“History continues itself, continues itself.” – Piebald

There seems to be an undying cynicism towards the reunion show/tour. We get where you’re coming from if you feel that way, but if you think dragging down someone’s desire to see music that meant something to them at a point in time and/or still evokes a particular emotion is fulfilling, please get over yourself.

There was none of that as Piebald returned to their quasi-hometown of Boston on May 27th though.

We were all there looking for something different with the unifying force behind it all being Piebald. I can’t speak for anyone other than myself, but as you listened to stories around you, you got a glimpse of what individuals were looking for – what Piebald meant to them then, and what Piebald meant to them now – myself included.

The last time I saw Piebald was in 2004 – April 18th to be exact. They were opening for Brand New, so not a full set, but for someone who grew up listening to them in a small town, enough of a taste to leave a lasting impression. Fast forward through their break-up in 2008, I was going to their show on Saturday to catch a glimpse of a band that offered me escapism nearly two decades ago for what might be the last chance I’ll get to see them live.

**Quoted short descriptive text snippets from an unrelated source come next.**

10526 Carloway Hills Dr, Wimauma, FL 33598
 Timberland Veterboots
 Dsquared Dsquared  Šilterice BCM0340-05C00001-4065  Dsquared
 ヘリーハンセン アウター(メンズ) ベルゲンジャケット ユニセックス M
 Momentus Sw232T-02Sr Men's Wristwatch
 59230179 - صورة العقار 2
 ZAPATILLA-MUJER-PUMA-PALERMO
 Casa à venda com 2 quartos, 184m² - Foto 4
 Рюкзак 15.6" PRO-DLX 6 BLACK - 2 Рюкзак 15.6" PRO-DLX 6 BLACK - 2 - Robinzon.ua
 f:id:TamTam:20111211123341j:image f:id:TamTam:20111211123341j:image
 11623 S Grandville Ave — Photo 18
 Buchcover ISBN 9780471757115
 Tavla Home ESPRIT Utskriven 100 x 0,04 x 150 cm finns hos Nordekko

At least that’s what I thought.

The days leading up to the show were an overload of catching up on tracks and brushing up on lyrics. To say the least, I heard things differently than my high school and college-aged self once did. I mean, these dudes were singing about how more people could benefit from learning about Marcus Garvey and Assata Shakur. They saw the rampant classism that was only grown wider. There were heavy, dark moments to the songs that made you throw your fists in the air and dive into a pit like a maniac.

What struck was one thing – in an almost frightening manner, these words are more prescient than when they were first released in the late 90s and early 00s. Their music had morphed into something completely different, something too relevant considering it is now 2017. So when I yelled, “You’re part of it!” or “I can’t believe no one ever told me!” on Saturday night, I was thinking about what we were all doing to back those words up with action, mainly myself.

Anyway, it was truly an engrossing experience seeing one of my favorite bands again. The crowd was hot – very hot. I’ve been to shows where people sang. I don’t think I’ve ever been to shows where this percentage of people sang basically every word. Highs were at their ultimate – Andrew Bonner celebrating his dad’s recovery from a health scare, Aaron Stuart celebrating his girlfriend’s pregnancy, the folks on the floor celebrating seeing the band again. Andrew’s parents and Aaron’s girlfriend were in attendance, which made us all feel like the extended family we fans had convinced ourselves we were a part of years ago.

No matter what drew each person to the Sinclair that night, our voices were bound together. Now it’s time to figure out how they’re heard beyond the setting of a music venue at 1:00 am.


In our new series on the live music we see, we hope to explore a different side of the live music experience.